**RECORDED INFORMATION**

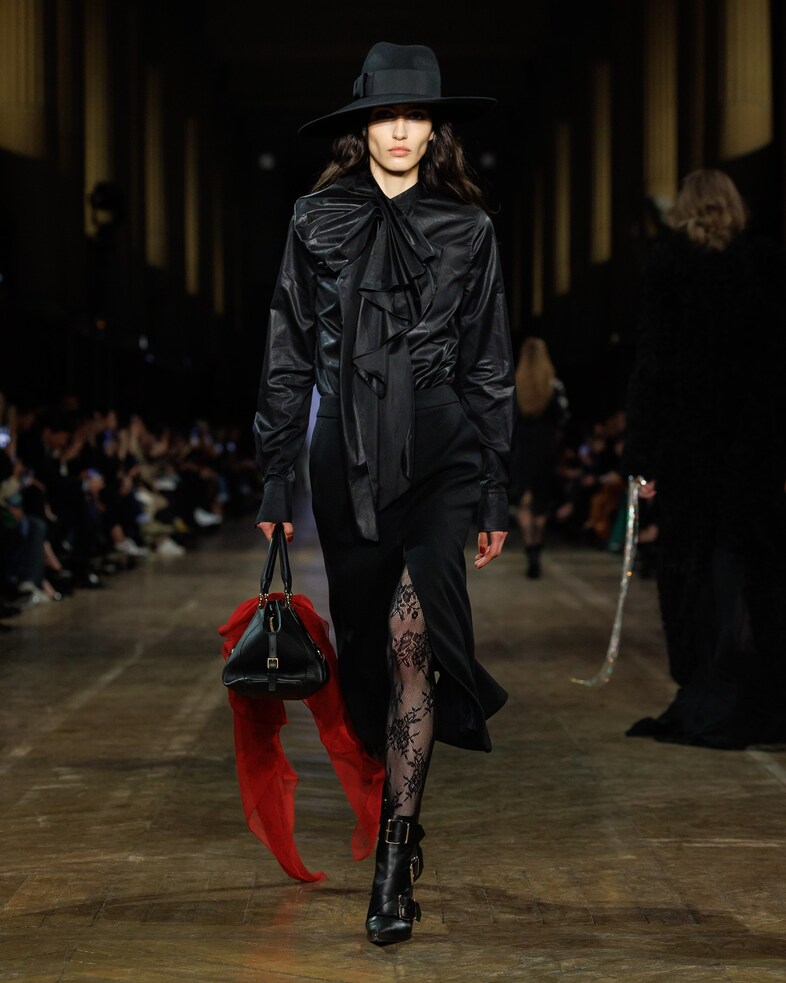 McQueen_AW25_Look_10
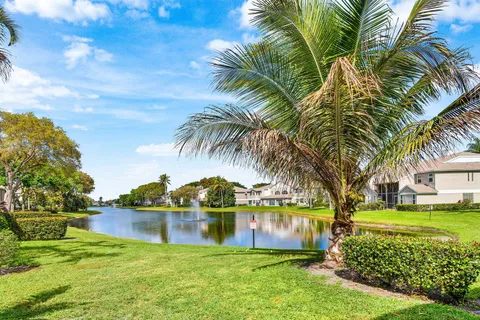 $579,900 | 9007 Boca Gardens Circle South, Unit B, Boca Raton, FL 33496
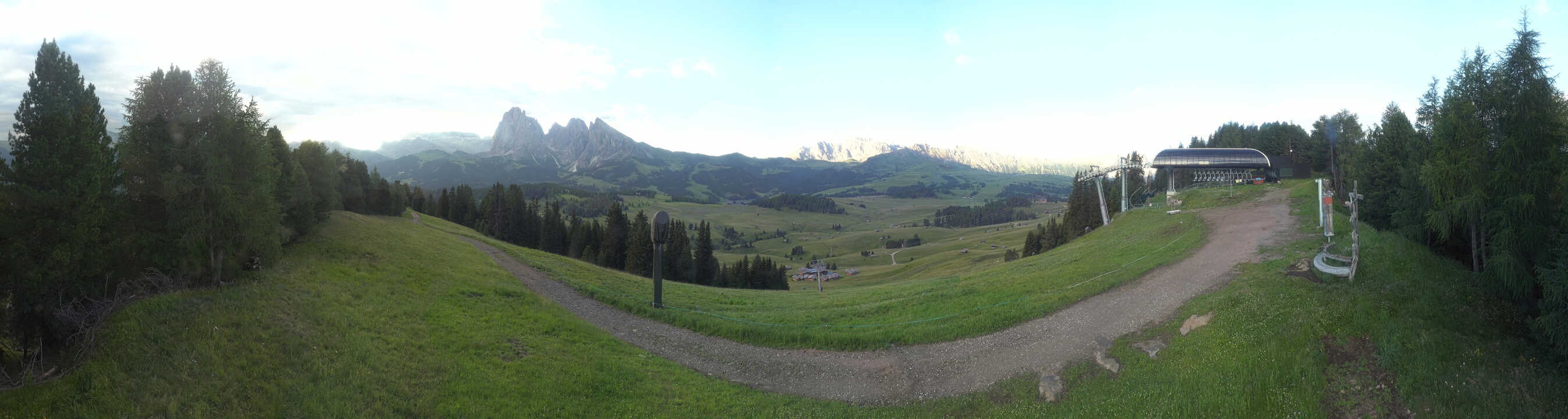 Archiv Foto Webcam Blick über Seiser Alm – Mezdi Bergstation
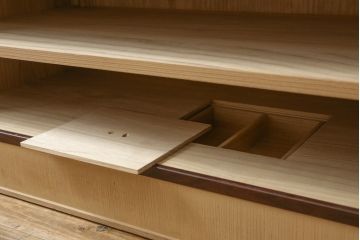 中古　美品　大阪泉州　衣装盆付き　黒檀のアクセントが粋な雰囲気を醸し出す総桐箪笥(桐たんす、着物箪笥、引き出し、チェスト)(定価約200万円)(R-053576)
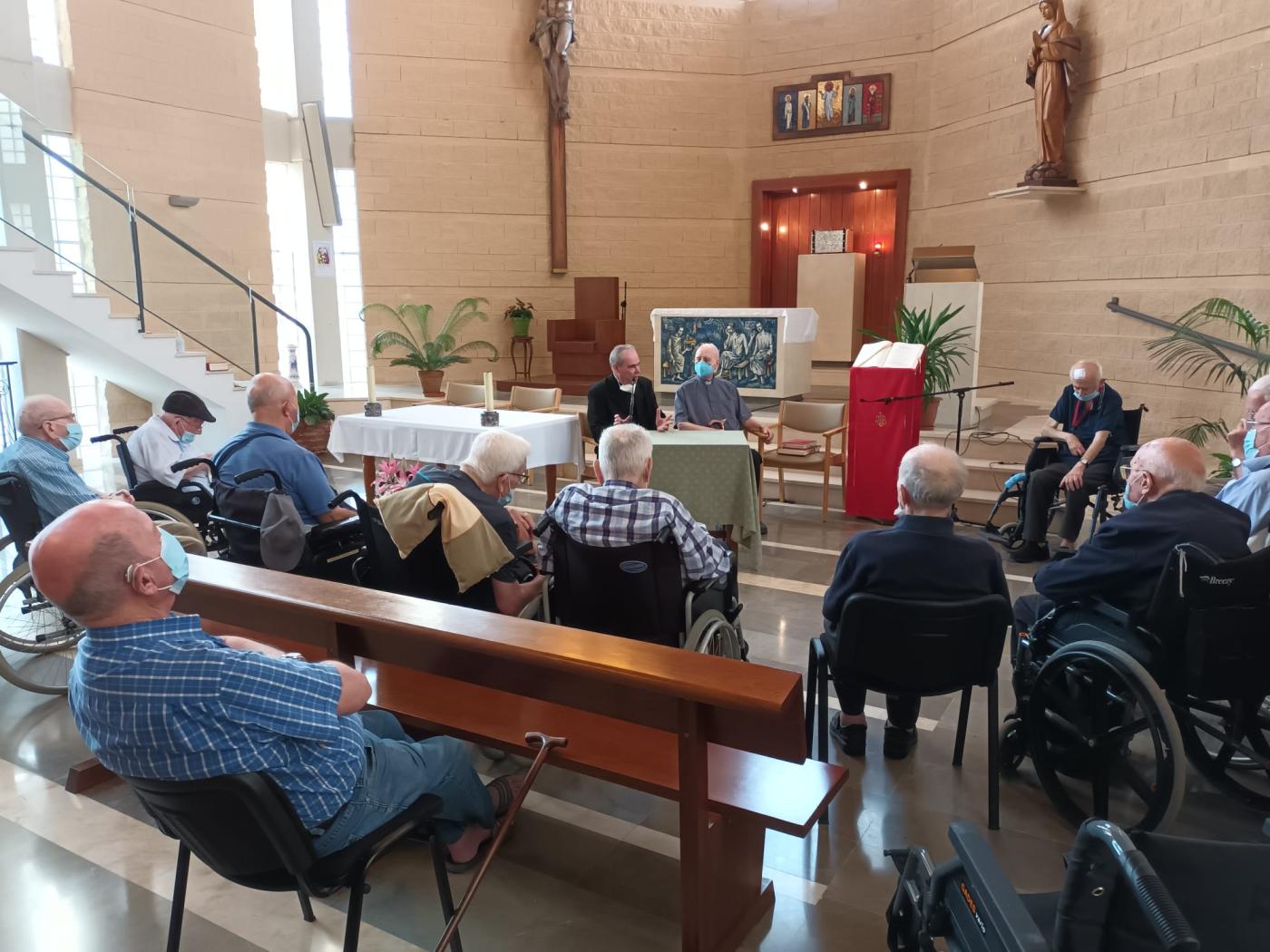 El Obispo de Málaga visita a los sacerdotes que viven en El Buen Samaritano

==

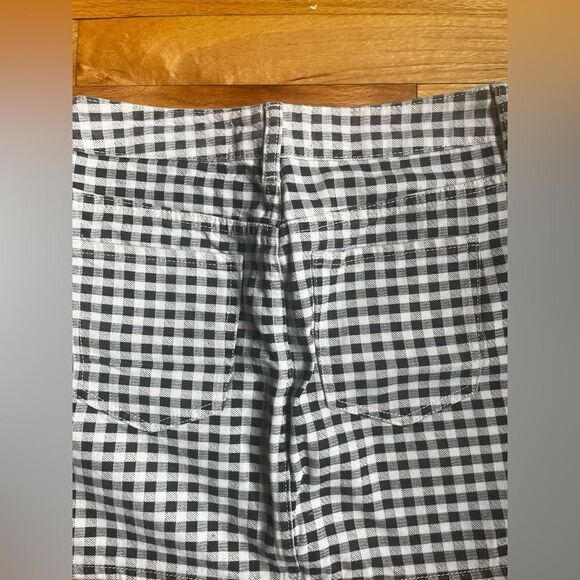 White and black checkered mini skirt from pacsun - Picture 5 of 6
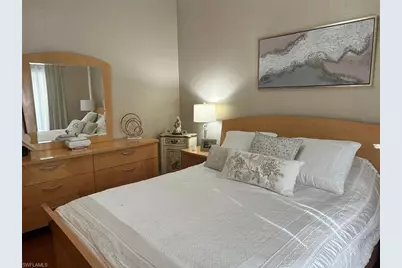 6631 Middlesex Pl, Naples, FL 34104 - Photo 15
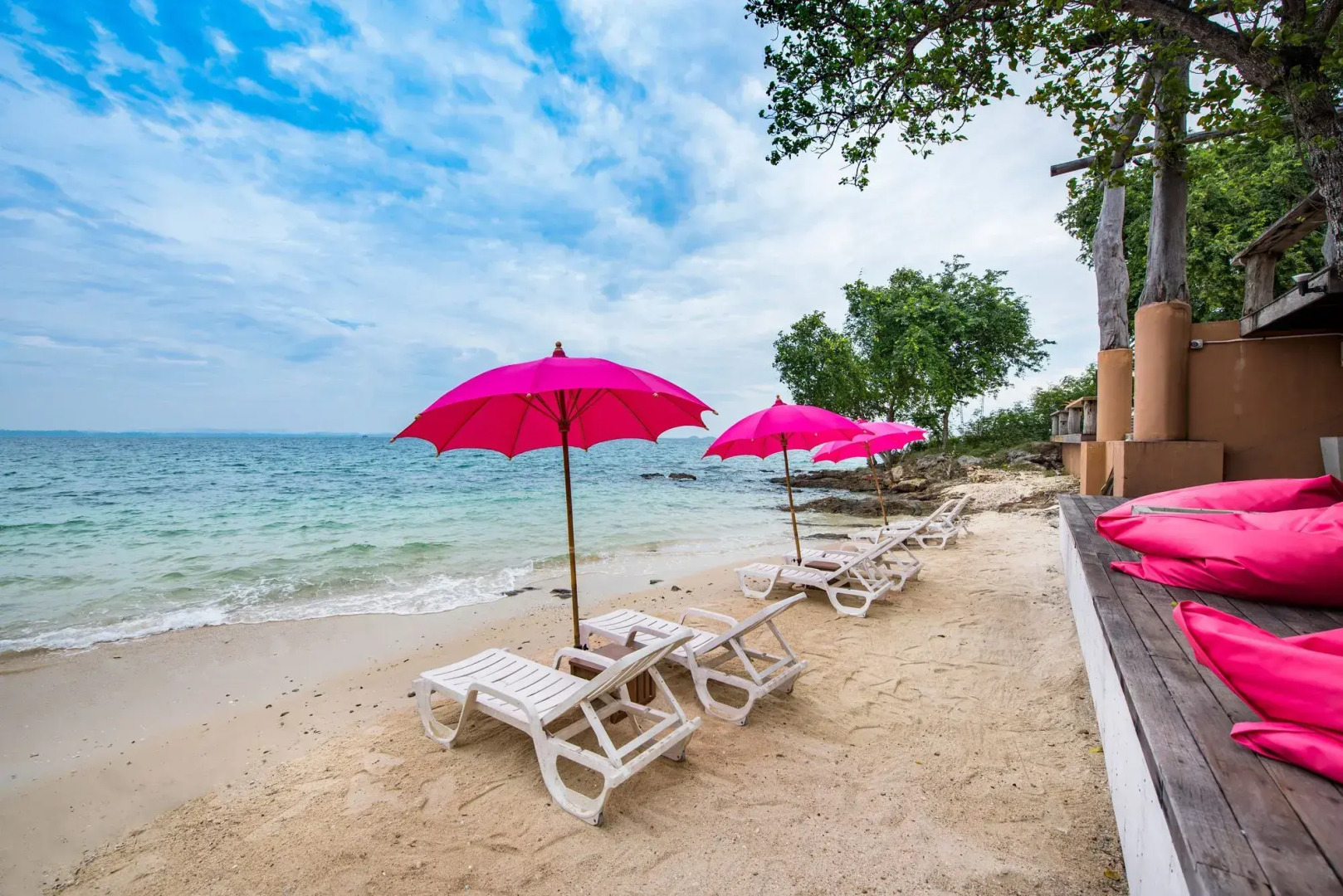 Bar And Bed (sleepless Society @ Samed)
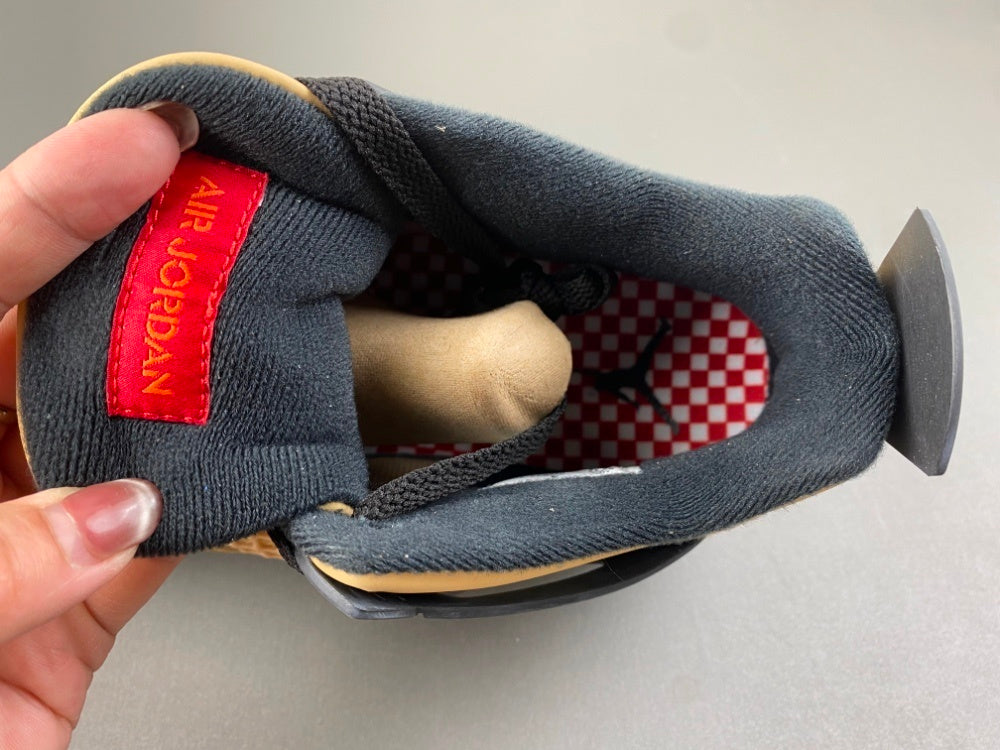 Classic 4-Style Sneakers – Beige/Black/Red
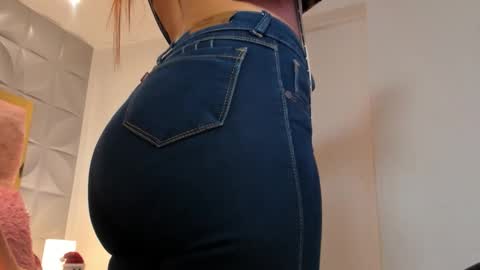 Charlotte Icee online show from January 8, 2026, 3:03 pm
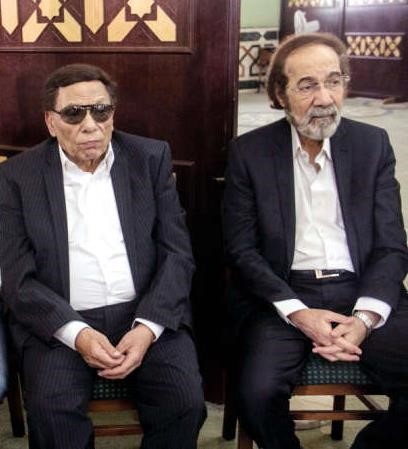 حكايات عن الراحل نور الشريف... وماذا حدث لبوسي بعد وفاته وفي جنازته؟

==

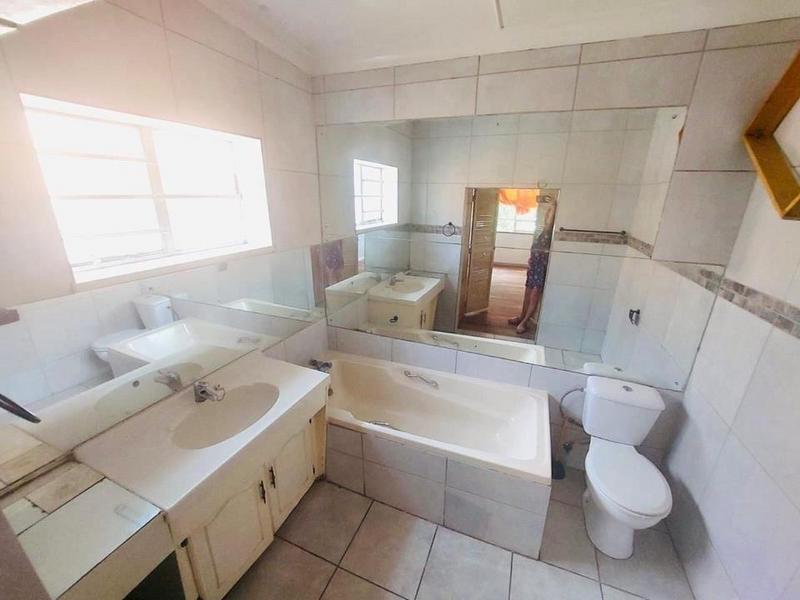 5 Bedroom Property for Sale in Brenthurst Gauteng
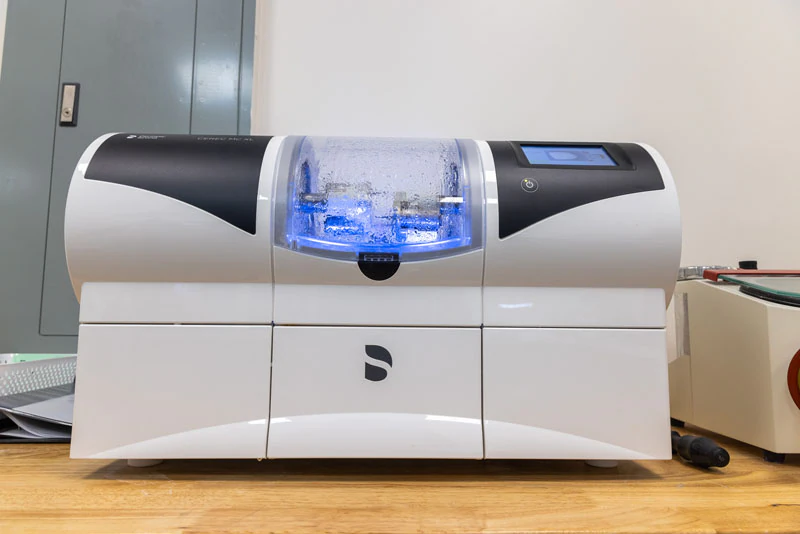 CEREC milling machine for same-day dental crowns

**WHAT IS NEEDED**
Print exactly the lines above that run from the one with "5 Bedroom Property" down to the one with "CEREC milling machine", and omit the pictures.

**EXERCISE RESPONSE**
 5 Bedroom Property for Sale in Brenthurst Gauteng
 CEREC milling machine for same-day dental crowns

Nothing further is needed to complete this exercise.